Stuff I Just Learned...Kristin
Aug 14, 2001 6:32 AM
I'm just beinging my quest for the right saddle as well, so I know how you feel. I thought I'd share some stuff with you that I just learned. I'm reading a book called, "The Female Cyclist." Excellent book, by the way! And there is a few paragraphs about saddle choices. Two things stuck out: 1. The Gel saddles, while cushy, can form or mould itself into the shape of your perinium (sp??) after a few miles. This is the area between your sit bones where some nerves and blood vessels run. I've been having shooting pain in the back of my left leg, and quads that cramp to quickly...this is caused by my Serfas Gel saddle. This is a problem with will affect women mostly because our sit bones are typically wider than mens. On a guy, its just harder for saddle gel to get into those places. 2. People new to riding tend to sit on the saddle because the muscles in their butts (gluts) and the tendons around the pelvic area are weak and out of shape. Once a rider is seasoned and those muscles are developed they won't completely sit on the saddle, but rather perch on it--with more weight being distributed to the legs than the butt. Currently I put most of my weight onto the saddle b/c I'm not strong yet. This ultimately means I come home with a sore/bruised pelvic bone. I think its a good thing. On long rides it forces me to remove some of that weight from my saddle and excercise those underworked muscles.
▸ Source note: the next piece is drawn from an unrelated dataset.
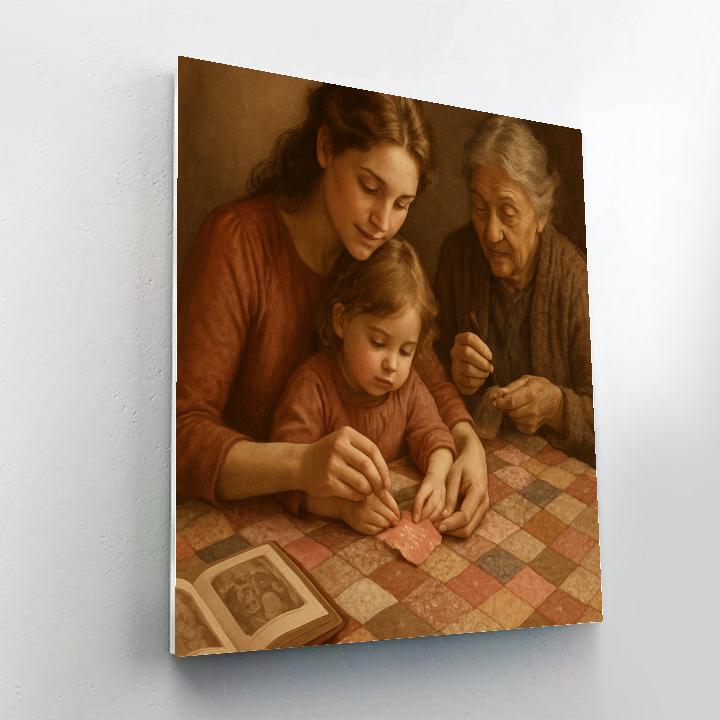 Generational Quilt Sewing DIY paint by numbers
Pain hurts--but its also a good teacher.
More Brooks Advice...UncleMoe
Aug 14, 2001 7:56 AM
I just got my Brooks B17 delivered on Saturday, treated it with the proofide, and did a 20 mile commute to work this morning. I can tell you that this is the very first ride in I don't know how long where I did not go numb in my groin. To me it is a miracle after trying 3-4 different saddles. Based on the advice I found here I figured I'd try one. Just be sure to get the proofide and treat it for a full 24 hours to soften it up.

I'm holding off on speaking very highly of it until I do some longer rides, but it has made a heck of a first impression. And I've been told it only gets better.

- It is a lot lighter than others will lead you to believe unless you are a weight weenie.
- It was hard as a rock when I first sat on it, but it literally loosened up in about 2 miles. Now it feels like it was made for my butt.
- Got mine at mainly for the 6 month money back gaurantee. Right now I doubt I'll need it.
- It does not look ancient. My wife even said how cool and stylish it looked, and she is a major critic. It is much better looking in person than in pictures.

I'm not saying you won't find a saddle that is cheaper and will fit a little better, but the trial and error process was not one I wanted to take up. I had already wasted some time on it, so I bit the bullet. stocks what appears to be all the models. I got the $83 B17 Cahmpion model because it had a different cut and style with larger copper rivets. But you can get the base model with the exact same leather and frame for $60 I think.

I debated between the brown and black and ended up with the brown. Perhaps the best purchase I made for any bike I've ever owned.

Lastly, the getting it wet part concerned me a little, but I live in San Diego so I'm not sure it is a big issue with 5-10 days of rain per year. If I lived on the East Coast I might feel different. Ask Miek at his opinion on the pros and cons and care if it gets wet.